Phrase grounding data:

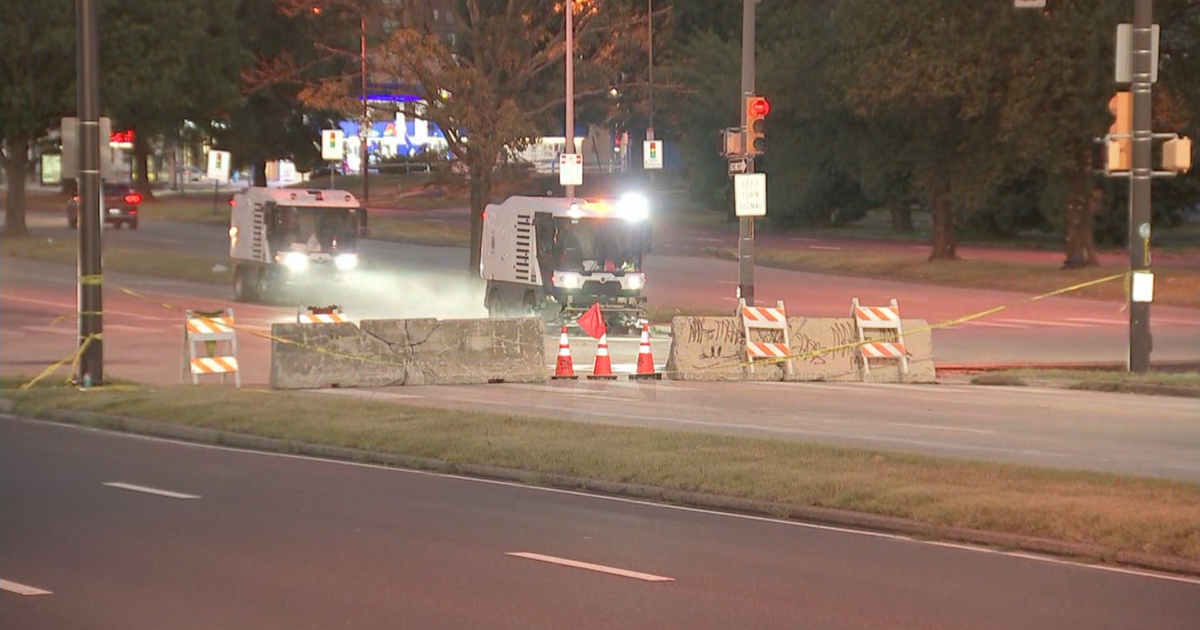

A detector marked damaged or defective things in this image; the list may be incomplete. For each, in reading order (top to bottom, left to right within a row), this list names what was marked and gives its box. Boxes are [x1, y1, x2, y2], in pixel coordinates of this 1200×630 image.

broken concrete [270, 320, 548, 390]
broken concrete [664, 316, 936, 386]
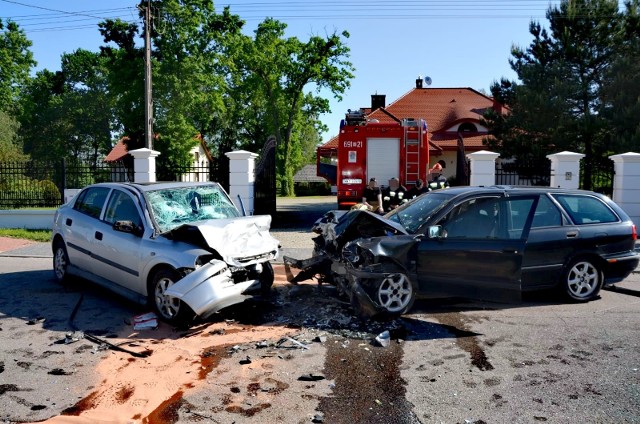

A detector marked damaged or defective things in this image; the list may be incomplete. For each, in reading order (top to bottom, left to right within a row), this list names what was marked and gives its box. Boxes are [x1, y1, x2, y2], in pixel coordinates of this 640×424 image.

silver damaged car [51, 181, 278, 324]
cracked windshield [148, 185, 240, 234]
crushed car hood [168, 215, 280, 264]
dark gray damaged car [286, 186, 640, 318]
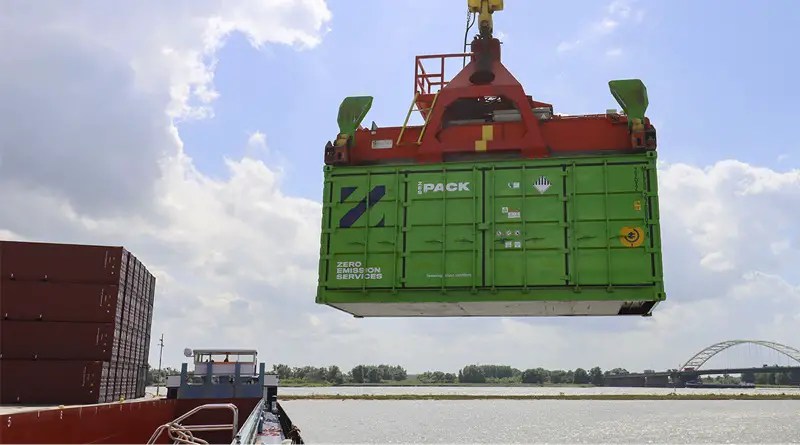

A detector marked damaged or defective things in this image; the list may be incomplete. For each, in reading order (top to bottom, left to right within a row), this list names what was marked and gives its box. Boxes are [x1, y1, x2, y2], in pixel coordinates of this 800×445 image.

rusty metal surface [0, 241, 123, 282]
rusty metal surface [0, 280, 119, 322]
rusty metal surface [0, 320, 114, 360]
rusty metal surface [0, 360, 103, 404]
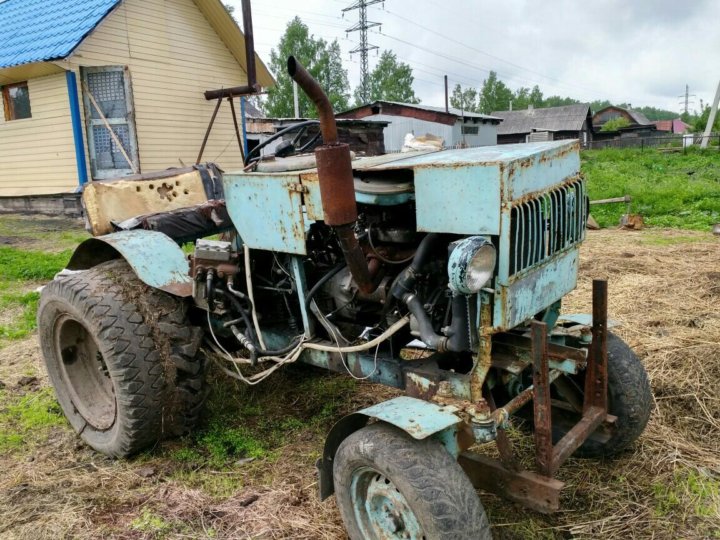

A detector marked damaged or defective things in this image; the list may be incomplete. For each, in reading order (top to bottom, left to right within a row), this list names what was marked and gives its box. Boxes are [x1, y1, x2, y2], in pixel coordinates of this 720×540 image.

rusty homemade tractor [36, 57, 648, 536]
rusty frame [462, 280, 612, 512]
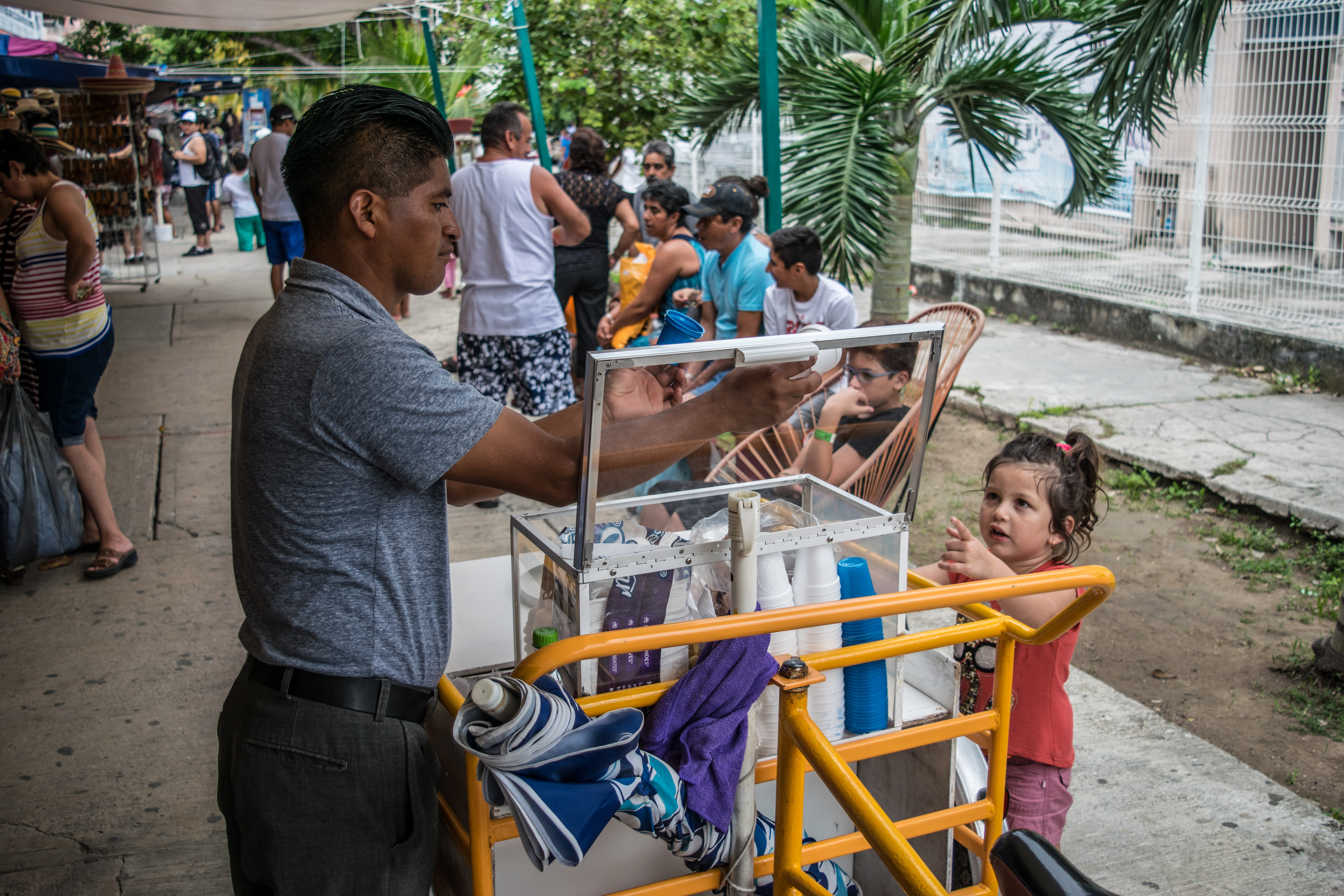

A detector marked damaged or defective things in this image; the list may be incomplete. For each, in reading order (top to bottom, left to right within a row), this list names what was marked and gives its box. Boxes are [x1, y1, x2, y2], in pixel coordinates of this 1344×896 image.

The task: Return word for word the line bearing "this 720×540 image." and every later line of the entries, but none of the pictures.

Solution for this exercise:
A detector marked damaged or defective things in this image; the list may be incomplete. For each, in reading order (top to bottom, left to right within a row), this list names what was marked and gives its box. Boxes are [x1, y1, x2, y2], in pixel coordinates of this 720×540 image.

rusty homemade tractor [36, 57, 648, 536]
rusty frame [462, 280, 612, 512]

A detector marked damaged or defective things in this image; the list may be incomplete. For each, in reading order (top to bottom, left to right within a row), this list names what was marked and gives its box. Boxes are [x1, y1, x2, y2], in pixel coordinates of this 1344×896 image.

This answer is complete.